Over the years, we have had the privilege of backing exceptional second-time founders such as Lincoln Ando from Idwall and Alessio Alionço from Pipefy. We have also sought to invest in entrepreneurs who had significant previous operating experience, such as Adhemar Costa (founder of Kovi, previously at 99) and Vinicius Correa (co-founder of Pipo Saúde, previously at Nubank). Our recent investment in Swap carries us forward in our commitment to backing exceptional, resilient entrepreneurs whom we believe have the potential to build category-defining companies.
New Investment: Swap
The four main reasons we think infrastructure APIs make great businesses are as follows:
1) APIs are easy to sell and implement: it is often the case that APIs will be adopted by the tech team on the client side, without the need for so much a phone call or visit from a sales representative. Once the customer’s development implements the solution, which can sometimes happen in as little as a few hours, usage begins and revenues can start slowly trickling in. The fact that APIs can be easy sell and implement also makes for a low cost of acquiring customers.
2) Go to market is simple: selling into other tech startups are a great go-to-market strategy for an early-stage infrastructure player. From the customer side (fintechs), a fast implementation without upfront costs and transparent billing “on-demand” is the only choice. Incumbents largely miss the boat on the opportunity to serve small, scrappy tech teams that need things to “just work” and be affordable before scaling. Being able to meet these needs opens up an attractive and overlooked segment of the market.
3) API companies tend to scale quickly: the compounding effect of being able to acquire lots of small customers who are high growth companies in their own right cannot be understated.
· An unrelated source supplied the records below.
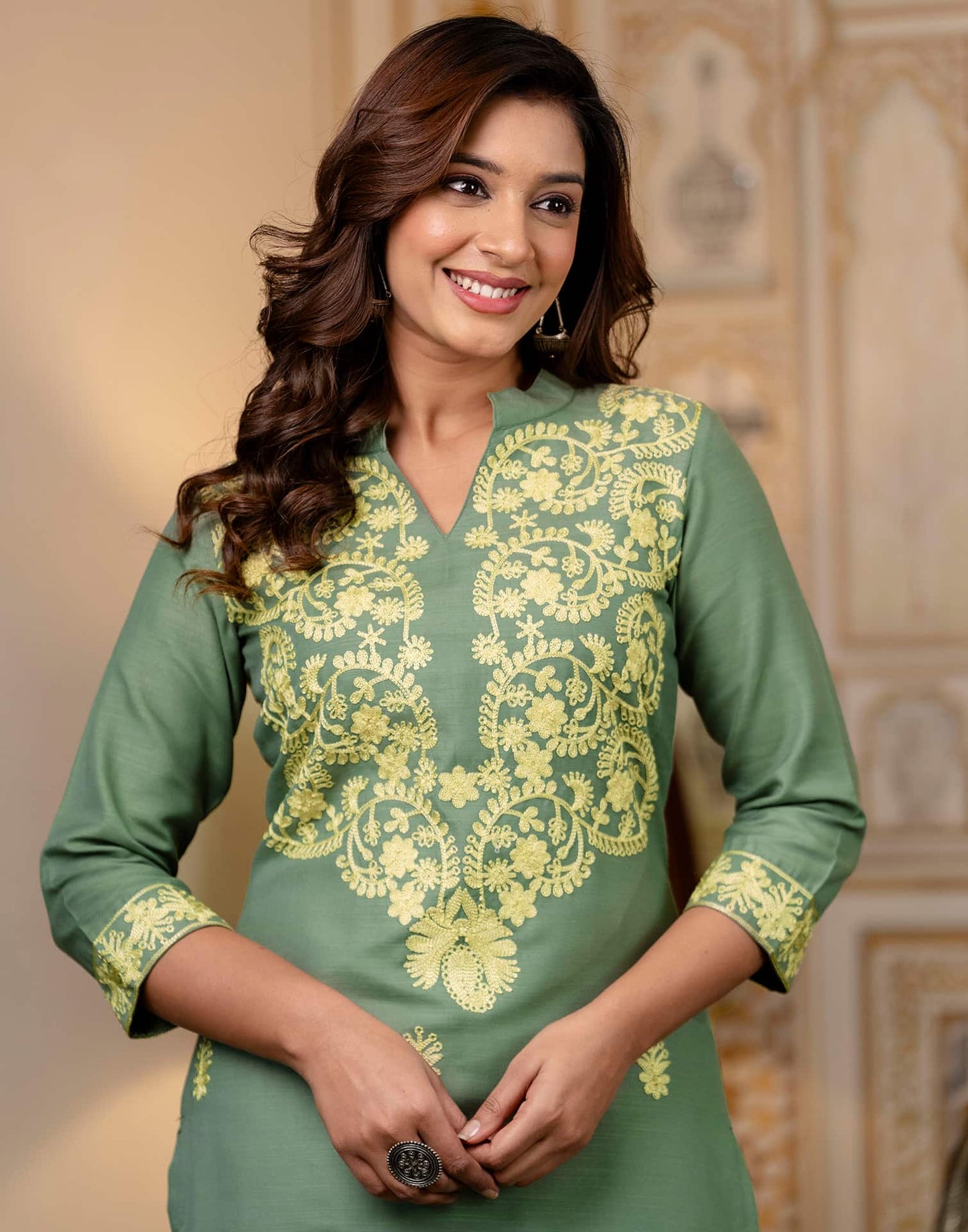 Cotton Embroidered Straight Kurti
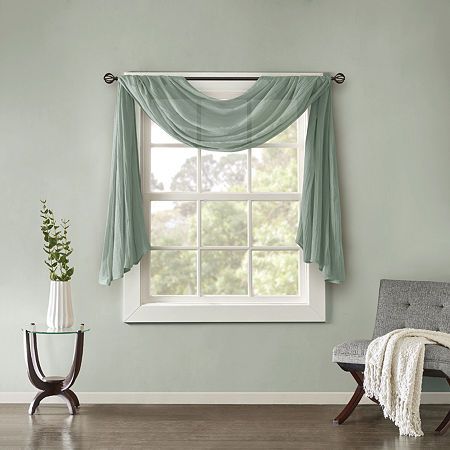 Soften the edges of your window, with our madison park kaylee solid crushed sheer scarf. This scarf features crushed detailing for beautiful texture, while the lightweight sheer fabric provides easy draping and an airy touch to your decor. Four tabs are also included to make the diy assembly easy so you can drape the scarf to best fit your window. For a complete look, layer this scarf with coordinating panels or prints in our collection for a more custom appeal.Included: 1 Scarf(ves)Features: Cu Scarf Curtains, Sheer Valances, Scarf Valance, Window Scarf, Contemporary Windows, Home Essence, Window Treatments Bedroom, Sheer Scarf, Bedroom Windows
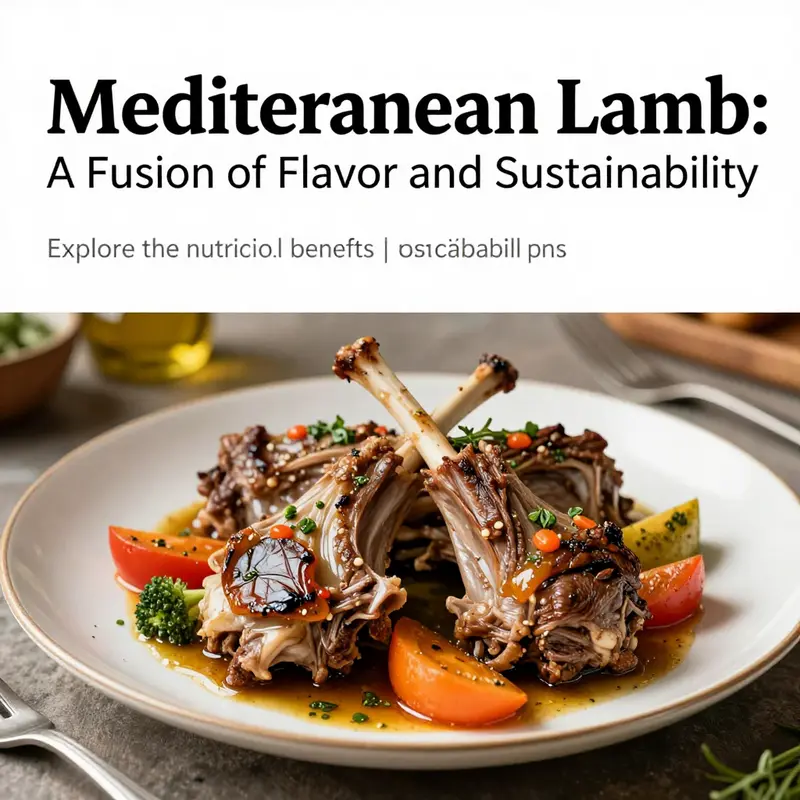 Gourmet plated Mediterranean lamb dish surrounded by fresh herbs and colorful vegetables.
4) An API is an index: By investing in the basic infrastructure for fintechs, we are not betting on a specific fintech player, but on the growth of an entire category that has strong tailwinds. Since we believe many technology companies in LATAM will ultimately turn into fintech companies (or at least have a very significant fintech component), investing in a finance infrastructure API is a great way to tie your success to the success of the ecosystem as a whole.